Der offizielle MVP des Spiels: Aaron Rodgers. Ben Roethlisberger gilt eigentlich als der ultimative Crunch-Time-Quarterback. Als einer, der in den wichtigsten Momenten und Spielen seine beste Leistung zeigt. Nun, im Super Bowl XLV kaufte ihm Aaron Rodgers locker den Schneid ab.
Während Big Ben schon in der ersten Hälfte zwei teure Interceptions warf, war Rodgers von Anfang an hellwach und spielte komplett fehlerfrei. Green Bay hatte gar nicht so viel Ballbesitz (26:35 Minuten), trotzdem verbuchte Rodgers 304 Yards, brachte 24 von 29 Pässen an den Mann und erzielte 3 Touchdowns.
Nach nur sechs Jahren in der NFL steht er schon jetzt auf einer Stufe mit seinem Vorgänger bei den Packers: dem legendären Brett Favre. Der musste sich trotz herausragender Leistungen mit einem einzigen Titel im Lebenslauf zur Ruhe setzen. 1996 gewann er mit den Packers Super Bowl XXXI gegen die New England Patriots. MVP wurde damals allerdings nicht Favre, sondern Kick- und Punt-Returner Desmond Howard.
Den Lobeshymnen auf Rodgers schloss sich auch Receiver Donald Driver an: "Ihr könnt aufhören, zu suchen. Aaron hat bewiesen, dass er einer der besten, wenn nicht sogar der beste Quarterback der heutigen Zeit ist."
Der heimliche Held des Spiels: Greg Jennings / Jordy Nelson. Egal, wie gut das eigene Laufspiel sonst ist: Gegen Pittsburgh hat man keins. Die Steelers-D ist gegen den Run so stark, dass man praktisch gezwungen ist, viel zu werfen. Green Bay war darauf vorbereitet und hat ohnehin ein extrem starkes Receiver-Korps.
Nur, dass Donald Driver verletzt ausfallen würde, das war nicht eingeplant. Ohne den erfahrenen 36-Jährigen standen Greg Jennings und Jordy Nelson noch mehr im Mittelpunkt, zumal auch James Jones nur eine Randnotiz war (5 REC, 50 YDS).
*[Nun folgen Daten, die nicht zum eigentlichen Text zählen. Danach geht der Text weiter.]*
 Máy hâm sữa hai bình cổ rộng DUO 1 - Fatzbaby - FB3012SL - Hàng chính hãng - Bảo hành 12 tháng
Aber die Art und Weise, wie sie mit Rodgers harmonierten und ein Big Play nach dem anderen abrissen, war absolut beängstigend - und muss auf Pittsburgh demoralisierend gewirkt haben. Jennings fing 2 Touchdown-Pässe und kam auf 64 YDS, Nelson hatte am Ende des Spiels überragende 140 YDS sowie den ersten Touchdown des Spiels auf dem Konto.
"Es ist ein großartiger Tag, um Großartig zu sein", freute Jennigs sich anschließend. "Wir hatten das ganze Jahr mit Rückschlägen zu kämpfen. Unser Kapitän und unser Top-Receiver verletzten sich, das sorgte für viele Emotionen in der Kabine. Aber wir haben einen Weg gefunden, diese aufzufangen und auf dem Platz rauszulassen."
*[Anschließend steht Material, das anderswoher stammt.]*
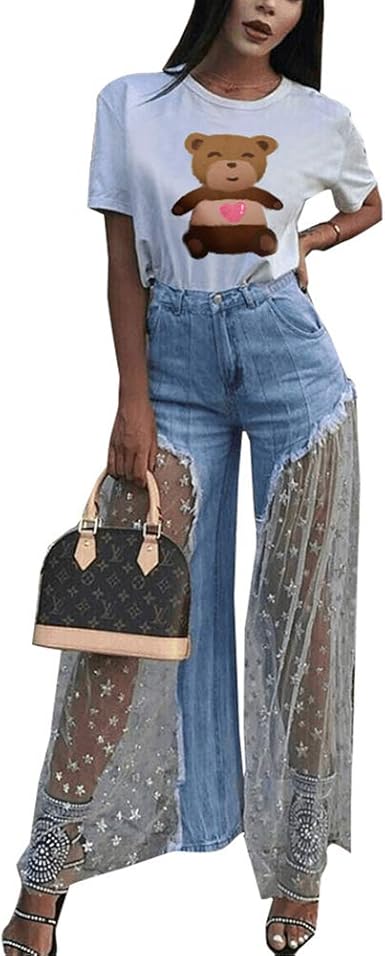 jeans with star mesh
Der Flop des Spiels: Troy Polamalu. Der Superstar-Safety ist ein Game-Changer und kann mit seinen Aktionen in der Defensive die Richtung eines Spiels entscheidend beeinflussen. Im Super Bowl gegen Green Bay tat er das aber nur negativ.
Im Normalfall liest er die Augen des Quarterbacks perfekt und taucht immer dort auf, wo der Ball landet. Diesmal wurde er gleich mehrfach auf dem falschen Fuß erwischt.
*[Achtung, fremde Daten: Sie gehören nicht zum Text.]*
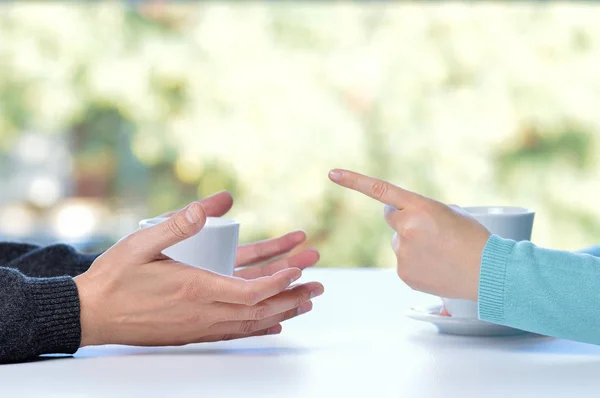 Close Couple Hands Arguing Home — Stock Photo, Image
Besonders eklatant war dies beim zweiten Jennings-Touchdown der Fall, als er völlig orientierungslos wirkte und viel zu spät auf Jennings Cut nach außen reagierte. "Ich hatte einige Möglichkeiten, um Spielzüge zu machen. Mir fehlte nur hier und da der entscheidende Schritt", erklärte der Safety anschließend.
Polamalu war angeschlagen ins Spiel gegangen, ganz offenbar war er nicht richtig fit. Denn die Nummer 43 war nicht sie selbst.
Die Halbzeit-Show: Nach einigen Jahren, in denen die NFL auf die Klassiker gesetzt hatte (2007: Prince, 2008: Tom Petty and the Heartbreakers, 2009: Bruce Springsteen, 2010: The Who), war diesmal Plastik-Pop erster Güte angesagt.
Die Black Eyed Peas, ehemals als innovative und richtig gute Hip-Hop-Band bekannt, sorgten mit ihren neueren Hits für gute Laune im restlos ausverkauften Cowboys Stadium in Dallas.
Der älteren Generation an Zuschauern dürfte die Show allerdings die Tränen in die Augen getrieben haben. Gastauftritte von Justin-Bieber-Entdecker und R'n'B-Ikone Usher sowie Ex-Guns'n'Roses-Gitarrist Slash rundeten die skurrile Show ab.